FCA lawyers in the briefs filed the U.S. District Court in Detroit said, “GM’s claims, however, bear no resemblance to what Congress had in mind in enacting RICO.”
GM patched together a case built on documents pulled from an ongoing federal investigation into corruption in the UAW, which has led to the resignation of the union’s president and the indictment of several union officers and officials.
The federal investigation, which began four years ago, also uncovered criminal activity by former FCA employees, who were dismissed for violating company policy. Alphons Iacobelli, FCA’s former vice president of labor relations is currently serving a prison sentence for his role in the scandal.
Neither GM’s lawsuit nor the union scandal are expected to derail FCA’s merger with PSA.
FCA’s answer to the GM complaint said, “Rather than plausibly alleging that the UAW is a criminal enterprise controlled by FCA, GM focuses on goods and services obtained by certain former UAW employees with assistance from certain former FCA employees, which allegedly constituted “prohibited payments” under the federal Labor Management Relations Act.
“But no matter how often GM refers to indictments and plea agreements, there is nothing in the Complaint that ties the alleged prohibited payments to negotiation of collective bargaining agreements between GM and the UAW—much less the outcome of such negotiations, which supposedly put GM at some competitive disadvantage vis-à-vis FCA. In other words, GM’s own complaint establishes only that it is at most a mere bystander with regard to the alleged prohibited payments.”
That alone is fatal to GM’s claims.
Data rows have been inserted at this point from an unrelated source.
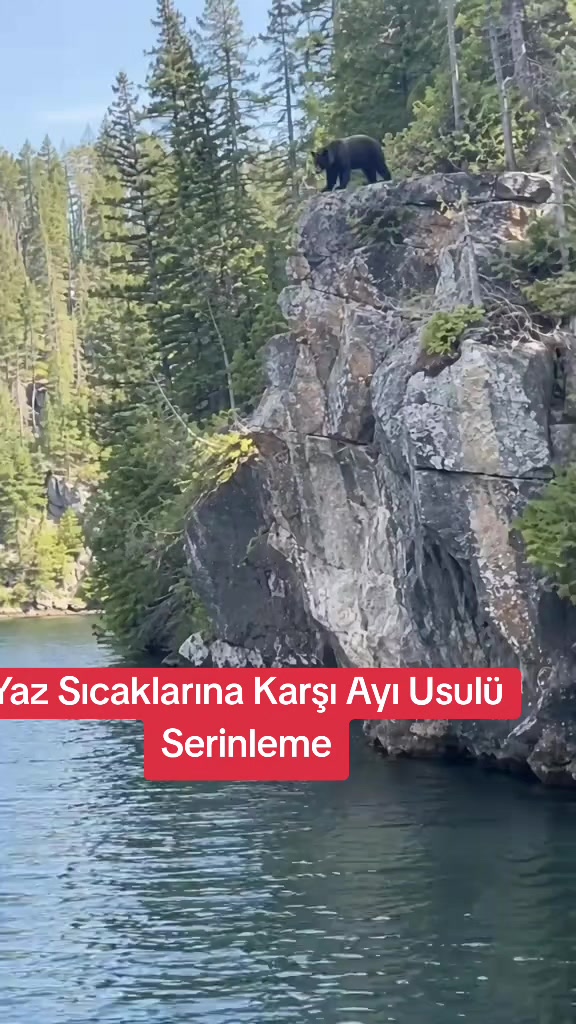 @Selçuk Tuna 🐈⬛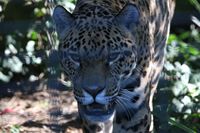 Jaguar im Zoo Dortmund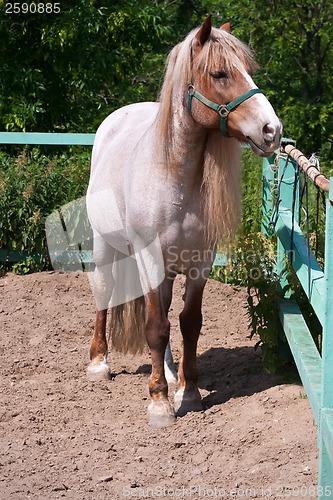 Image of Horse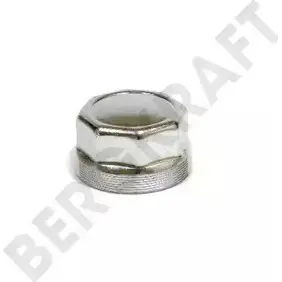 Колпак ступицы BERGKRAFT BK8002502 3816348 ZX0 1.0084 ZX010084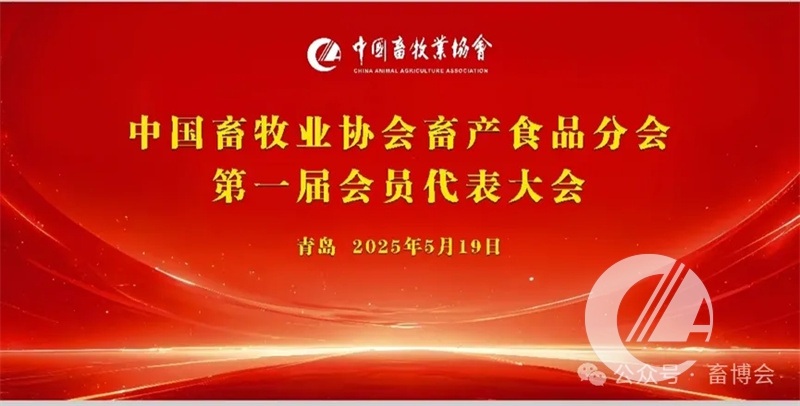 1277�Ǽʵ���(�й���)�ٷ���Ϸ��ַ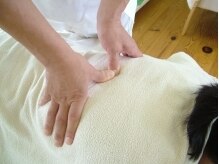 整体工房リバティ 八山田店/肩甲骨周りのツボ押し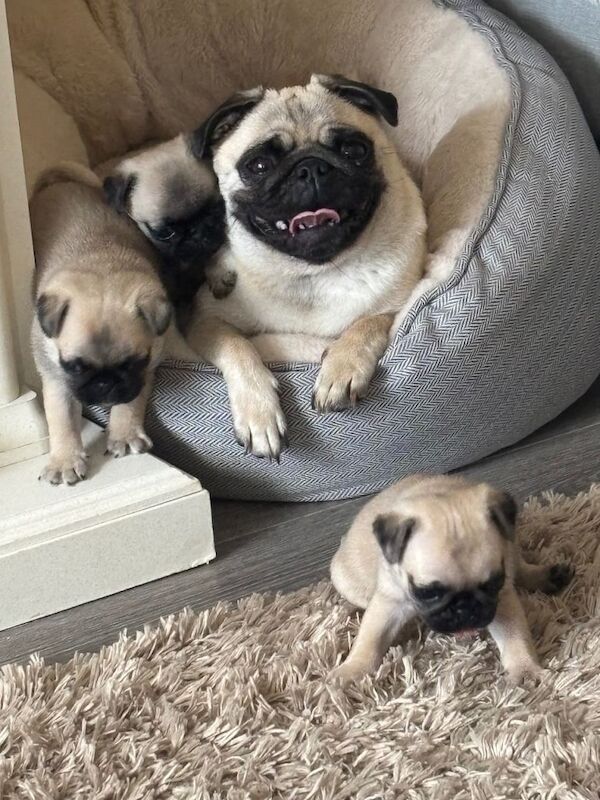 Pug puppy for sale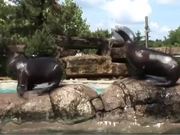 Sea Lions at the Zoo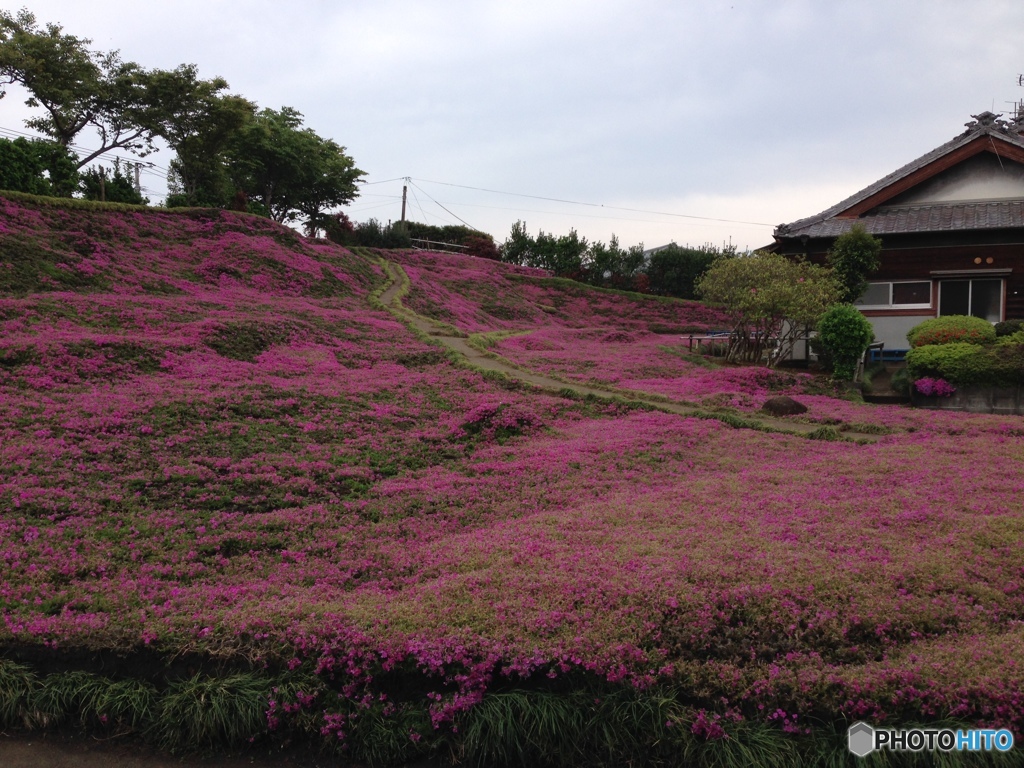 芝桜のじゅうたん
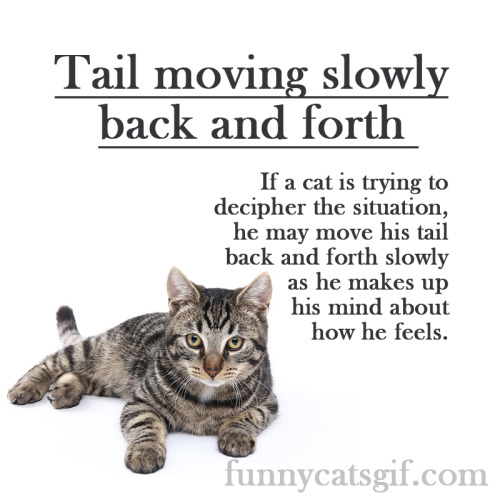 http://funnycatsgif.com/cat-body-language-15-ways/Cat Body Language — 15 ways to understand your fri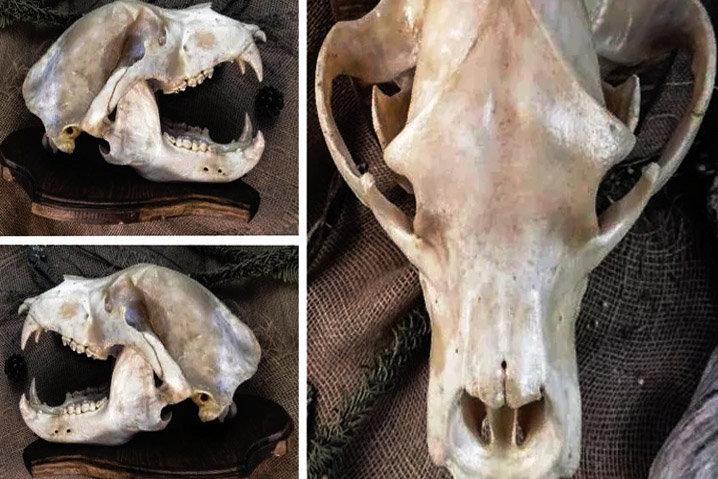 Черепа всех медведей, кроме белого, оценивают по единой шкале и одной и той же методике измерений.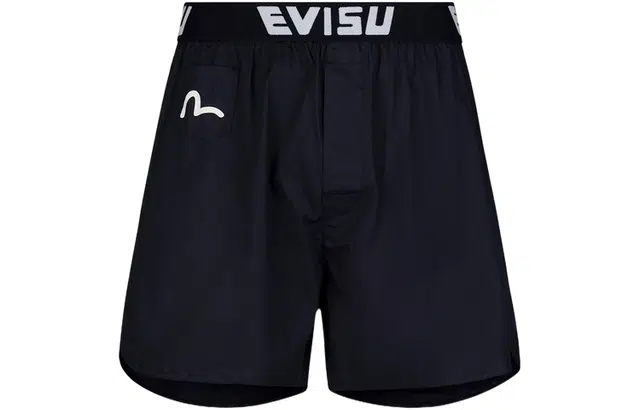 EVISU 1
The Supreme Court has directed courts to be skeptical of RICO “claims brought by economic competitors, which, if left unchecked, could blur the line between RICO and the antitrust laws,” they added.
FCA GM fails to adequately show any “racketeering activity” allegedly engaged in by FCA were the “but for” and “proximate” cause of GM’s claimed injuries, as required to state a RICO claim.
GM’s theory of the case stating that FCA sought to force a merger with GM by making concessions to the UAW during negotiation of the 2015 collective bargaining agreement — which harmed FCA itself —knowing that the UAW would extract those same concessions from GM through so-called “pattern bargaining” is flawed and illogical on its face, FCA’s lawyers said.
GM’s RICO claim also fails for the additional reason that GM does not plausibly allege that FCA acquired an interest in, or maintained control of, the UAW.
Such skepticism is warranted here, where GM contends that “$1.5 million” in alleged prohibited payments somehow “inflicted billions of dollars of damages on GM” in the form of higher labor costs.
“We are confident in the legal and factual underpinnings of our case,” GM said in a statement.
GM is expected to file a more complete answer to FCA’s motion within 60 days and judge could rules next summer on whether to grant FCA’s motion to dismiss the case or allow it to proceed to the “discovery” phase.